On October 22, 2025, Reddit, Inc. initiated a federal lawsuit in the Southern District of New York against Perplexity AI, Inc. and associated data-scraping firms. The lawsuit alleges violations of the Digital Millennium Copyright Act’s anti-circumvention provisions, along with claims for unjust enrichment and unfair competition. Reddit characterizes the dispute not as a typical copyright infringement case but as a focused attack on what it terms “industrial-scale” evasion of technical controls designed to protect its content.
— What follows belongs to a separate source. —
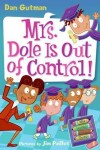 Book cover for My Weird School Daze #1: Mrs. Dole Is Out of Control!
The core of Reddit’s complaint revolves around the alleged scraping of its data through Google’s search engine results. According to the lawsuit, the defendants employed various deceptive tactics, including masking identities and rotating IP addresses, to extract billions of search-engine results pages that contained Reddit URLs, text, images, and videos. Reddit claims that Perplexity subsequently integrated this harvested data into its “answer engine.”
Key Allegations and Legal Framework
Two significant allegations distinguish this case from others. Reddit asserts it created a post that was indexed by Google but not directly accessible. Within hours, Perplexity’s answer engine reportedly surfaced substantial portions of that post, suggesting that Perplexity or its co-defendants scraped Google’s results and utilized the data. Additionally, after Reddit issued a cease-and-desist notice in May 2024, Perplexity’s citations to Reddit allegedly surged forty-fold, despite its public claims of respecting robots.txt directives.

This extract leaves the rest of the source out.